Australia: A High-Value, Underserved Market
Australia's e-commerce market exceeds $60 billion annually and is growing at over 10% per year. Australian consumers are highly engaged online shoppers with above-average spending power and a strong preference for quality over price. The market is geographically concentrated in five major cities (Sydney, Melbourne, Brisbane, Perth, Adelaide), making fulfillment logistics relatively manageable.
- Amazon Australia has grown rapidly but is less dominant than in the US — marketplace strategy should include both Amazon AU and local platforms like Catch
- GST (10%) applies to all goods sold to Australian consumers — register for GST once annual turnover exceeds AUD $75,000
- Australian Consumer Law provides strong consumer rights — your return policy must be compliant
- Fulfillment from within Australia is strongly preferred — partner with a local 3PL or use Amazon FBA AU
United Kingdom: Brand-Focused and Loyalty-Driven
The UK is one of the most sophisticated e-commerce markets in the world, with per-capita online spending among the highest globally. British consumers are brand-conscious, review-driven, and highly loyal to brands that deliver consistent quality and service. Amazon UK is very strong in the market, but the DTC channel is more developed in the UK than in many other markets, creating significant opportunities for brand-direct e-commerce.
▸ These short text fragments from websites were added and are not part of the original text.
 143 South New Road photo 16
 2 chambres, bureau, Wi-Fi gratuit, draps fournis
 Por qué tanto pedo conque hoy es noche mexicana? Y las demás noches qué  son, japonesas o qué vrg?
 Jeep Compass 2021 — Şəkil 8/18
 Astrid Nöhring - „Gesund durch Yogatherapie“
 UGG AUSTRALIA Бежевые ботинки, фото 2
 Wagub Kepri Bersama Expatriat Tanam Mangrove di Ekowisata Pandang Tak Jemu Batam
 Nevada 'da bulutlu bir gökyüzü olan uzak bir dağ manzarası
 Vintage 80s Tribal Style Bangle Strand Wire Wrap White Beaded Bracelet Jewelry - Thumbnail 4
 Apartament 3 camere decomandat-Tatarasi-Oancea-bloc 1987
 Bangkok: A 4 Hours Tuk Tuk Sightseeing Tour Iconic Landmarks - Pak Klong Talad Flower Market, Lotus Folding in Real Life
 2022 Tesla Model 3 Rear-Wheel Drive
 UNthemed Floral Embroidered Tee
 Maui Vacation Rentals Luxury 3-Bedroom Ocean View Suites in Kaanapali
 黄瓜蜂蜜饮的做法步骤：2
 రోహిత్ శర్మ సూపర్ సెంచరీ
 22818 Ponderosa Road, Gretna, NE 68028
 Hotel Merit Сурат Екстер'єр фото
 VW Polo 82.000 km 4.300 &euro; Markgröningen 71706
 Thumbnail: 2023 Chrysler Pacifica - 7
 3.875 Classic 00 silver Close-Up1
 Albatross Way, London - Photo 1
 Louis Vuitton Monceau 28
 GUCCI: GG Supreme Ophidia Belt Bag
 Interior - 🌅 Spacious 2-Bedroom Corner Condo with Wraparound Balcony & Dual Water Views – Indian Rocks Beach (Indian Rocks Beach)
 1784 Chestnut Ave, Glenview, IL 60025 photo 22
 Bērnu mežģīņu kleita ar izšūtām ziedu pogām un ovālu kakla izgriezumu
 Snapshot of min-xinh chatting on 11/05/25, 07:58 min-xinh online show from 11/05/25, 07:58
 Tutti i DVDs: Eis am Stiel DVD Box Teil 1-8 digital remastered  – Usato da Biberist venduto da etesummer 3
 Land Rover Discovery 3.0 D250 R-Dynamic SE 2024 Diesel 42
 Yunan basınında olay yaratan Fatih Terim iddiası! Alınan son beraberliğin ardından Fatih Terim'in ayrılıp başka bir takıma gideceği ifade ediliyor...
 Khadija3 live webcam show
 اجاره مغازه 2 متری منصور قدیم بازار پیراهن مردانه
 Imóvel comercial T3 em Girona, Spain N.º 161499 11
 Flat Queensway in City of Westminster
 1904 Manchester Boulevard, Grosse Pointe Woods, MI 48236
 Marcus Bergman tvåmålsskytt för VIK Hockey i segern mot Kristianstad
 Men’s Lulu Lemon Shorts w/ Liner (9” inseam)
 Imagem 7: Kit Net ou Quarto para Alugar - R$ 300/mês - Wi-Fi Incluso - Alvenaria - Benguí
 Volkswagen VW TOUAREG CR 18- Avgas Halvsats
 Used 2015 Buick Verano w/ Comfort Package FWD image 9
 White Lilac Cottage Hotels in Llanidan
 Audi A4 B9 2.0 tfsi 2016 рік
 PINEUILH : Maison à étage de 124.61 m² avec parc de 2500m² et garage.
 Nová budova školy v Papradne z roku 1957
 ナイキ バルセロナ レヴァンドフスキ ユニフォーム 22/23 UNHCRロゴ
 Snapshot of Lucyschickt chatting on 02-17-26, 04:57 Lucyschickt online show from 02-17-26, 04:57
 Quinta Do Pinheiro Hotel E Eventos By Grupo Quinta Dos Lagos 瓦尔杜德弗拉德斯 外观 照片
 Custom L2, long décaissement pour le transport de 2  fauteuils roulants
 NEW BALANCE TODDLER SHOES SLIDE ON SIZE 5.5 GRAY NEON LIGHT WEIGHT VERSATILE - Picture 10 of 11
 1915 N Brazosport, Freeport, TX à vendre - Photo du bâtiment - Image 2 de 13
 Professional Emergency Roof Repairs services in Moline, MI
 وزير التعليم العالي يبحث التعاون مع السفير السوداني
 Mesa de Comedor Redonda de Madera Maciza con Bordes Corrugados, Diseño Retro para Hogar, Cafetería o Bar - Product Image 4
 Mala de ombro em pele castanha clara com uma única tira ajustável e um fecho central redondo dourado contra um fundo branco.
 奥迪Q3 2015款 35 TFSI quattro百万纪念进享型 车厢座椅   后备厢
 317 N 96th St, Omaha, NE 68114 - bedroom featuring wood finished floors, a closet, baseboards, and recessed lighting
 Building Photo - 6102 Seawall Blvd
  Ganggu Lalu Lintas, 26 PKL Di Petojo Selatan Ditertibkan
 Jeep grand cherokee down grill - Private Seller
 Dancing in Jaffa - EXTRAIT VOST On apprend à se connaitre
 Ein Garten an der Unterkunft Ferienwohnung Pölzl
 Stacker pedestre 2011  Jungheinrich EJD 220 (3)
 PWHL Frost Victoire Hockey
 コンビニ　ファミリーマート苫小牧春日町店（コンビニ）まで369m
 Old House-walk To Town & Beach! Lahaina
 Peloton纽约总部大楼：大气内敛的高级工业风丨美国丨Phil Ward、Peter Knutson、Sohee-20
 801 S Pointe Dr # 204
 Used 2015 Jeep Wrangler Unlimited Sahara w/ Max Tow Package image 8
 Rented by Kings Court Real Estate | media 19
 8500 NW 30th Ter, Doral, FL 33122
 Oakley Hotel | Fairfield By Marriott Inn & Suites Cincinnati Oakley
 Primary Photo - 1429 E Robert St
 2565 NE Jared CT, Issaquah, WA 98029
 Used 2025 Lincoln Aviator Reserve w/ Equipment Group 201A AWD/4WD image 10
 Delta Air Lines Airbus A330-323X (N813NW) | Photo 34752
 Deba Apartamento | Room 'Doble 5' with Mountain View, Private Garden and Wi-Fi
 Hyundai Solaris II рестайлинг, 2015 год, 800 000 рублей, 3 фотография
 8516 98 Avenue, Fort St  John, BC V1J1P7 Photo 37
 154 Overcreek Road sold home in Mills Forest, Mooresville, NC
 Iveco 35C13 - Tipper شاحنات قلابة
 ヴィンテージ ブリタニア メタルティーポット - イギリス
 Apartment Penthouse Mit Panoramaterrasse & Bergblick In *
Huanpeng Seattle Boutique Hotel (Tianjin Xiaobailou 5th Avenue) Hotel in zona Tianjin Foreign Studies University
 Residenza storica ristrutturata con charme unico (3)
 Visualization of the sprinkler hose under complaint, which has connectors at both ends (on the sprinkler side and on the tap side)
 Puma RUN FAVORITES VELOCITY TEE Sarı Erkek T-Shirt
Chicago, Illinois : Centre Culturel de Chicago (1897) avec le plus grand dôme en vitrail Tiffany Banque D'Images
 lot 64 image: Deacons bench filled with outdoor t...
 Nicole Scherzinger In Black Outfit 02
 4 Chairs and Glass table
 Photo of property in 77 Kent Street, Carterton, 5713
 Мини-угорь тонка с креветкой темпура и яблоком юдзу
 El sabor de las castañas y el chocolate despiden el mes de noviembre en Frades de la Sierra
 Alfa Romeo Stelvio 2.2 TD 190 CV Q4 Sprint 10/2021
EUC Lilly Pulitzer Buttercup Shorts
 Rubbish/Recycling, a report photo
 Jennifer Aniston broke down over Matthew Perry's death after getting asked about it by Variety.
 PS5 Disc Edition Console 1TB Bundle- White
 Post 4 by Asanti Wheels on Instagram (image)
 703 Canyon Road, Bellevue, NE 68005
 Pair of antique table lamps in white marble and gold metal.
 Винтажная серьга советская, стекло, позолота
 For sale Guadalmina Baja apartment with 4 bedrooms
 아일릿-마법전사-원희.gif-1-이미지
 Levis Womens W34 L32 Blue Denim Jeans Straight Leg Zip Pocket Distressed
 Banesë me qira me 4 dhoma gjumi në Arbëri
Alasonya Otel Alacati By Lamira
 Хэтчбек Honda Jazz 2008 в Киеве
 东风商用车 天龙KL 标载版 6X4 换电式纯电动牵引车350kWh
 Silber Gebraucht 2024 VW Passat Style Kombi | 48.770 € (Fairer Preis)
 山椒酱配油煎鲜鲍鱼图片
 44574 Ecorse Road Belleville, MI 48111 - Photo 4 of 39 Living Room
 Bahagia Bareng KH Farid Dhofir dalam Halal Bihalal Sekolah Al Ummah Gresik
Post-Brexit VAT requirements mean all goods entering the UK are subject to 20% VAT at the point of importation or sale. Registering for UK VAT is mandatory for non-UK businesses selling into the UK above the £85,000 threshold (or immediately if selling through your own platform). Fulfillment from a UK-based warehouse eliminates import duty complexities and enables next-day delivery capability, which UK consumers increasingly expect.
Canada: Bilingual and High-Spending
Canada's e-commerce market exceeds $40 billion annually, with particularly strong spending in Ontario, British Columbia, and Quebec. The bilingual nature of Canada (English and French) means brands targeting Quebec must provide French-language content — the Office québécois de la langue française enforces strict language requirements for businesses operating in Quebec.
Amazon Canada is the dominant marketplace and should be the primary entry point for most brands. Canadian consumers have similar preferences to US consumers but with distinct cultural sensitivities — particularly around Canadian content, local sourcing, and environmental responsibility. Fulfillment within Canada avoids cross-border shipping friction and enables competitive delivery timeframes.
Sequencing Your Multi-Market Expansion
Rather than attempting all three markets simultaneously, sequence your expansion based on operational readiness, market size, and competitive landscape in your category. For most brands, the recommended sequence is US first, then Australia or UK (whichever has stronger natural demand signals in your category data), then Canada. Build the operational playbook in each market before adding the next.